■ Information shown ■
=== Begin Enclosure ===

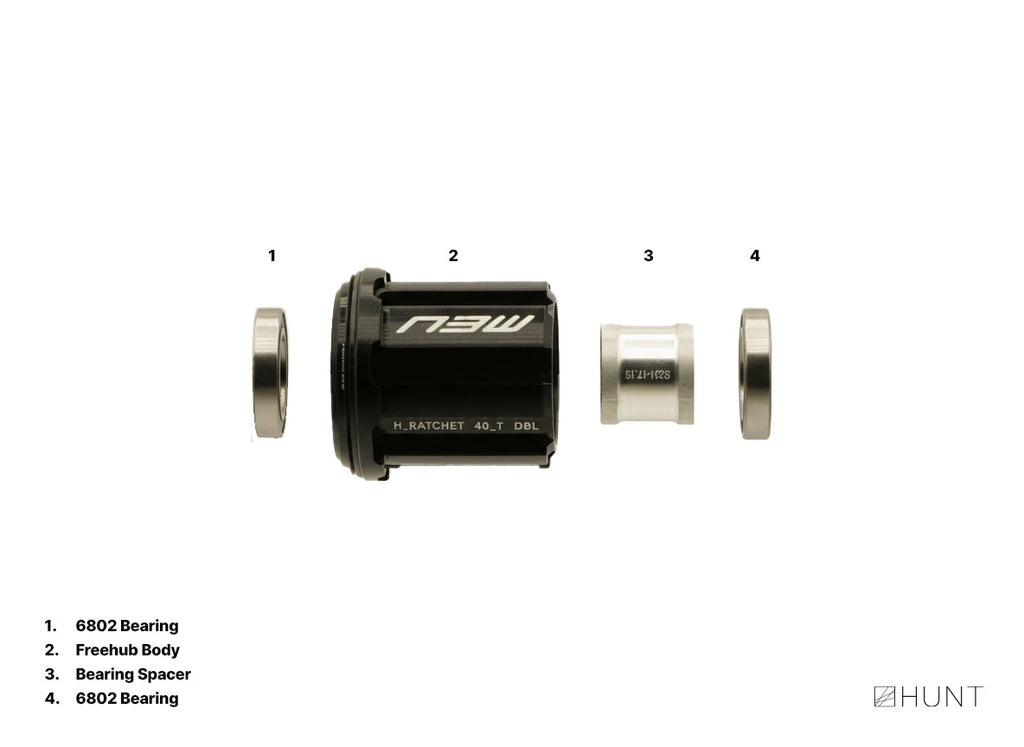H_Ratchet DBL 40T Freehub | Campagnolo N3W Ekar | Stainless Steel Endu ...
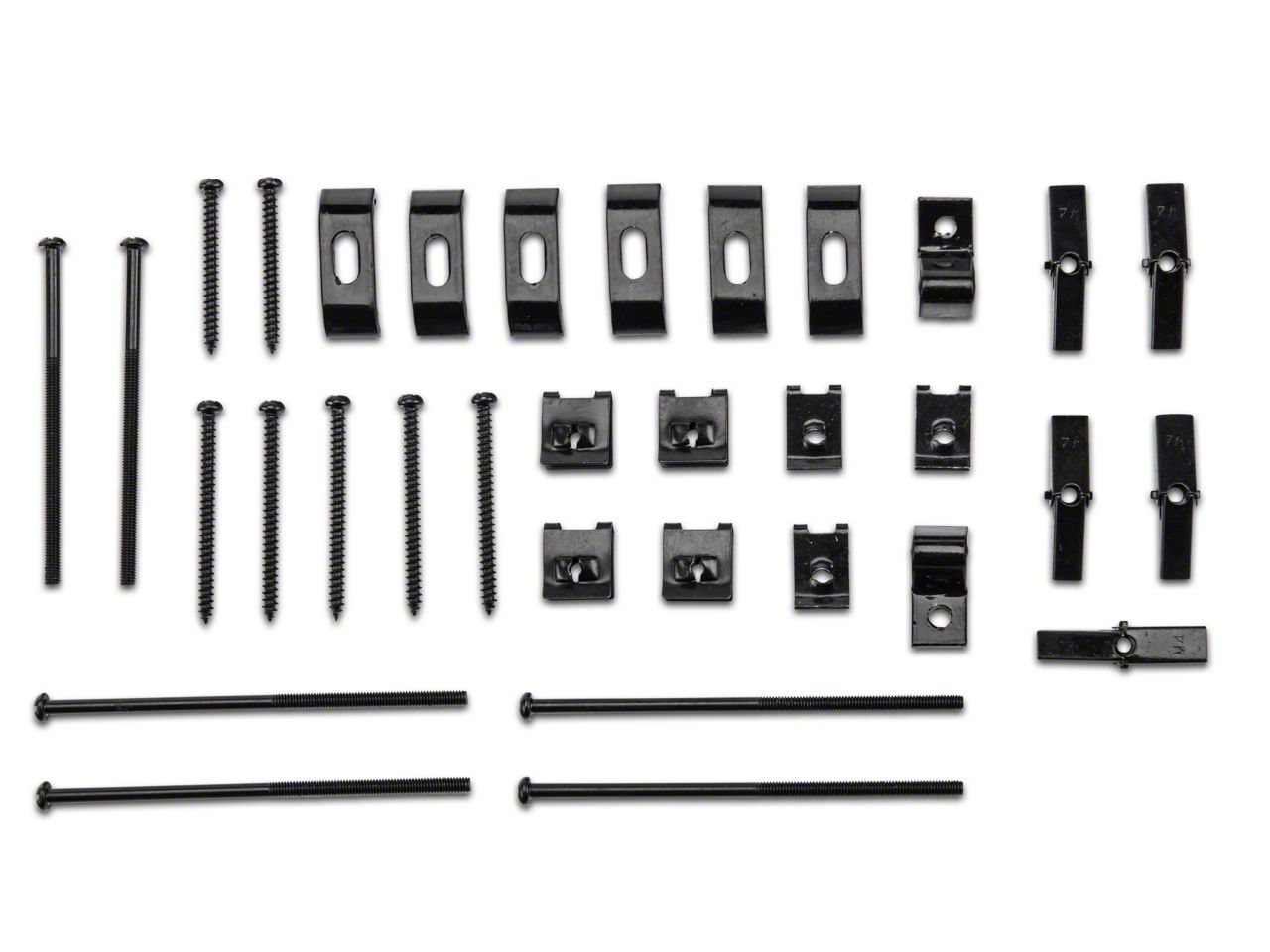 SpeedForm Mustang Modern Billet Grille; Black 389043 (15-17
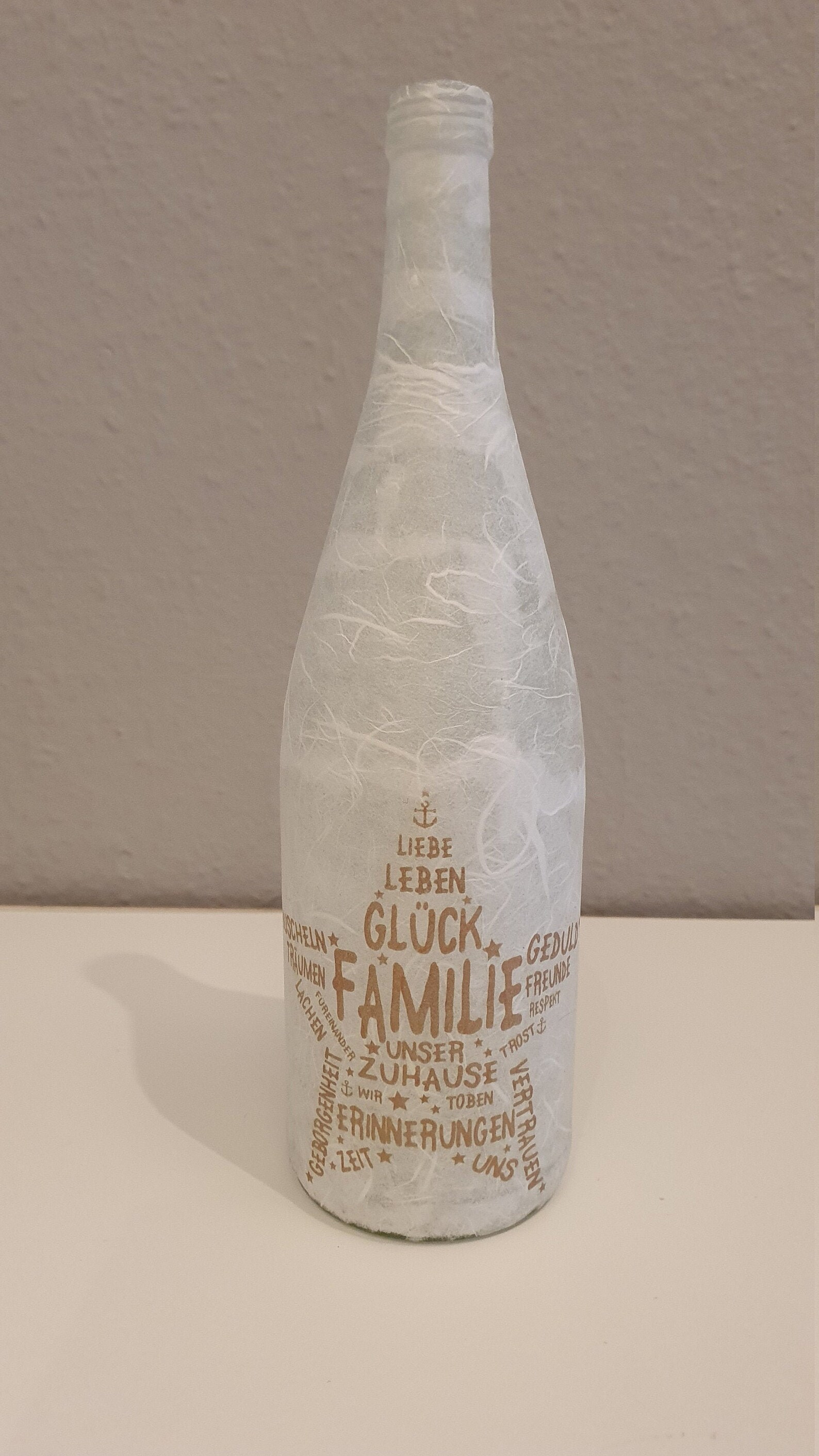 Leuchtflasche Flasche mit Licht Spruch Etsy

=== End Enclosure ===

■ Exercise details ■
Any picture found in the data is to be skipped while the rest is copied exactly.

■ Exercise solution ■
H_Ratchet DBL 40T Freehub | Campagnolo N3W Ekar | Stainless Steel Endu ...
 SpeedForm Mustang Modern Billet Grille; Black 389043 (15-17
 Leuchtflasche Flasche mit Licht Spruch Etsy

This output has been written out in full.